Volto às recordações que são quimeras de estopa, onde tudo arde, o coração e a mente. Numa crónica de Machado de Assis (a quem ofereço incenso e tinta de escrever) ele refere, ao ler os jornais, «alguns atestados sobre as excelências do xarope Cambará”. Como Xerxes, que, contemplando um dia o seu imenso exército, chorou com a ideia de que, ao cabo dum século, toda aquela gente estaria morta, Machado de Assis diz: «Não são os homens que levam à melancolia, mas os remédios que os curam. Porque é que os remédios morrem?» Excelente filosofia, mas não menor realidade prática. Eu não assisti ao nascimento do xarope Cambará, como Machado de Assis. Mas despertou-me a memória de infância àquele nome, ouvido muitas vezes nas tertúlias da minha terra, Vila Meã, que foi cabeça de concelho de Riba-Tâmega, séculos atrás. Em Vila Meã havia um palácio com pedra de armas que, por ocasião de luto na família, se cobria com panos pretos. Pois ao visconde que levantou a casa chamou o povo visconde de Cambará, por ser ele o autor do xarope curativo de fraquezas de pulmões e tédios de alma. Machado de Assis não sabia isto. Sabia quem inventou o rapé de alfazema e as pílulas universais americanas. As pílulas catárticas do farmacêutico Carvalho Júnior curavam as inflamações dos olhos e dissipavam a melancolia. Sendo que as lágrimas se estancavam com pílulas que não há mais; tudo remédios que descansam no Senhor, como os velhos hebreus, no dizer feliz e belo de Machado de Assis. O Cambará, quem o inventou foi um português de Vila Meã, como eu. Que me resta a mim para inventar? Que pós milagrosos, que água salutar? Alguma coisa tenho que descobrir. Entretanto, vou escrevendo livros, na esperança de serem como o bálsamo homogéneo ou o elixir anti-fleumático; de serem imortais como os soldados de Xerxes não foram.
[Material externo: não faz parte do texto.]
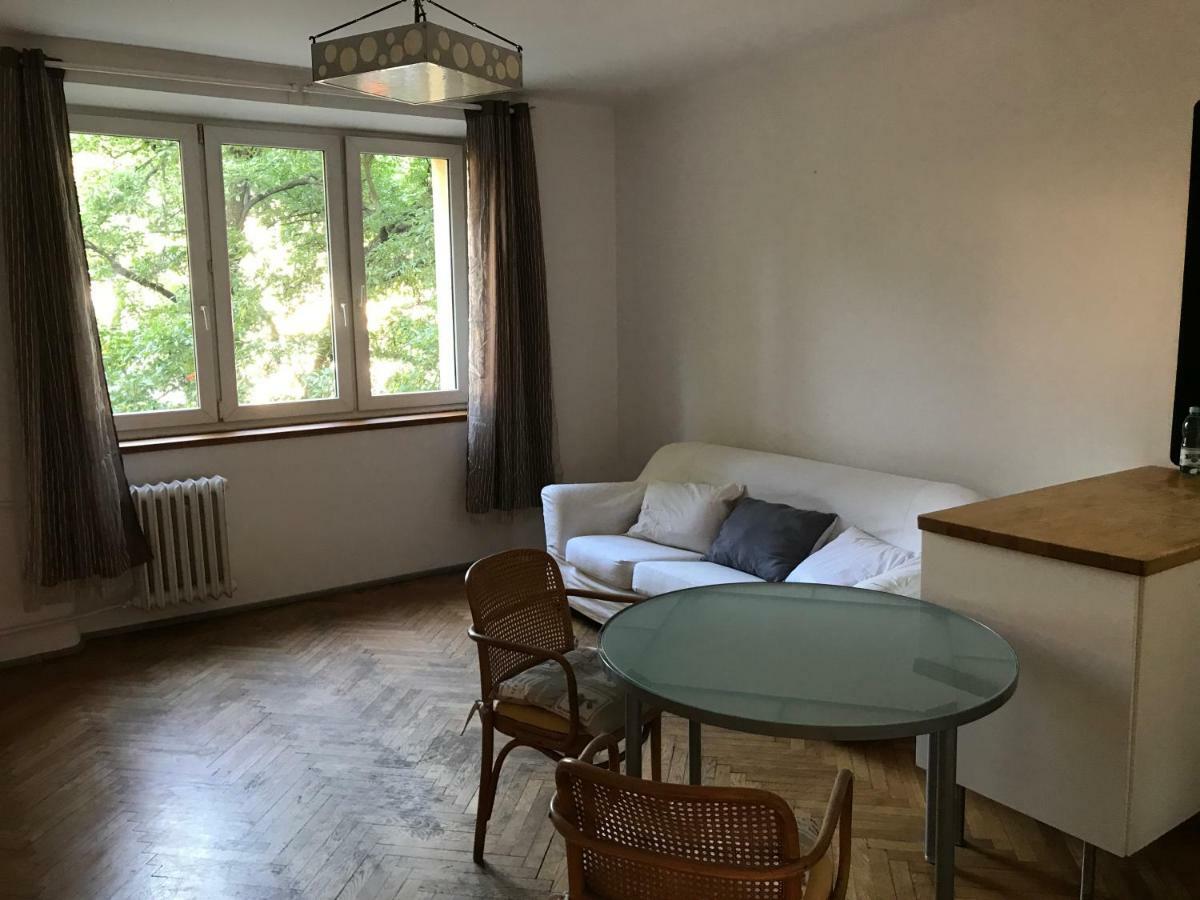 Apartament Mickiewicza Appartement Warschau Buitenkant foto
Vós tendes Machado de Assis e não vos arrependeis de ter nascido depois dele? Eu não só me arrependo como mato os dias que dele me separam e admiro-me de tanta graça e talento nas Letras. Era ele quem dizia que um certo rapaz valsava como quem se despede da vida. E eu faço a minha vénia como quem se despede de Machado de Assis e de todos vós. Há uma carta de Machado de Assis a um amigo, datada do Rio, em Junho de 1884, em que ele diz assim: «Tinha planeado uma apreciação longa e minuciosa das instituições literárias e outras dos portugueses no Brasil; faltou-me o tempo e o descanso de espírito». Mas mesmo assim é eloquente. Mesmo sem tempo é generoso. E sem descanso, é fantástico de gentileza e bondade, que é a essência da natureza diplomática. É isto o que se aprende no Brasil.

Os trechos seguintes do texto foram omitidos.